Tavis Ormandy's post goes into more detail about why this isn't a substantial cost for AI vendors. For my part: we've seen POWs deployed successfully in cases where:

(1) there's a sharp asymmetry between adversaries and legitimate users (as with password hashes and KDFs, or antiabuse systems where the marginal adversarial request has value ~reciprocal to what a legit users gets, as with brute-forcing IDs)

(2) the POW serves as a kind of synchronization clock in a distributed system (as with blockchains)

What's case (3) here?


The next word is worth less to AI scrapers than to human readers - AIs need to read thousands of articles to get as much value as a human gets from one good article.
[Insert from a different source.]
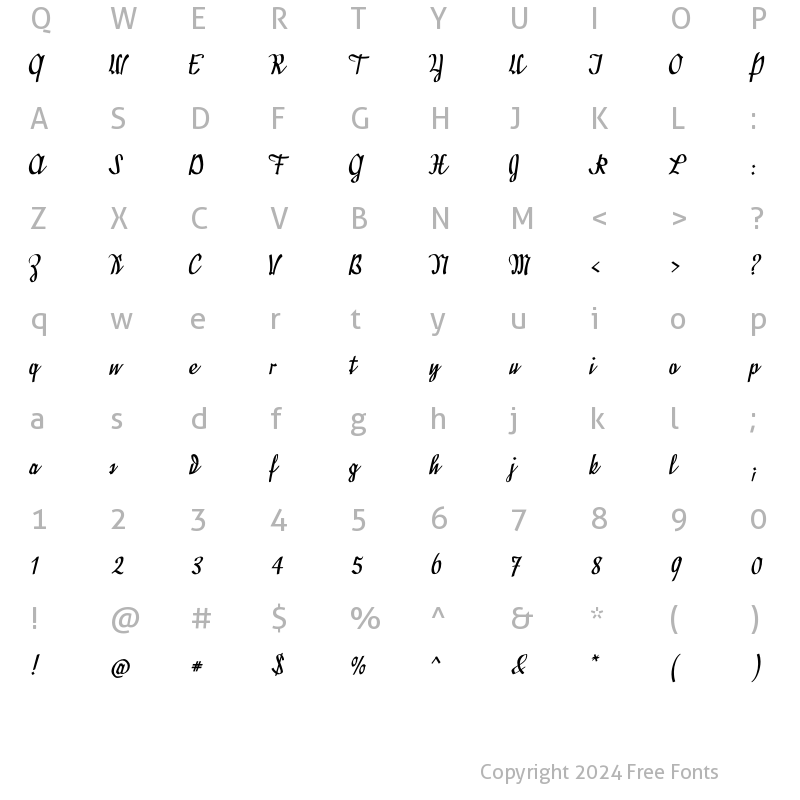 Character Map of Love Valentine Regular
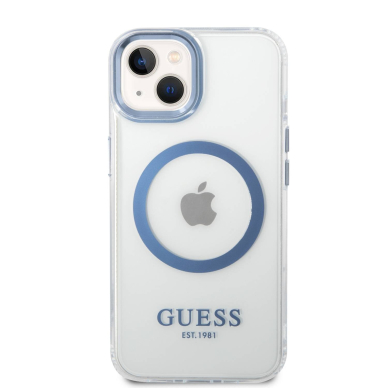 iPhone 14/13 skaidri + mėlyna Magsafe GUESS nugarėlė GUHMP14SHTRMB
If you make it cost, say, 5c-equivalent to read an article (but without the overhead of micropayments and authorisations), human readers will happily pay that whereas AI scrapers can't afford even 1c-equivalent.


They care about whether the rewards exceed the costs; they don't give a shit what the actual cost is.

If it costs them $1000 to grab a web page but they earn $1001 then they will do that again and again to earn that buck.


> Legitimate user spends at least a dozen seconds on a page, they don't care about 10ms overhead.

Unfortunately for the user on a low-end phone, the overhead can be several seconds. For the scraper it's only ever 10ms because that's running on a (relatively) powerful server CPU.


I don't know of any network latency <=1ms over the public internet, so 10ms overhead might be 2x at best.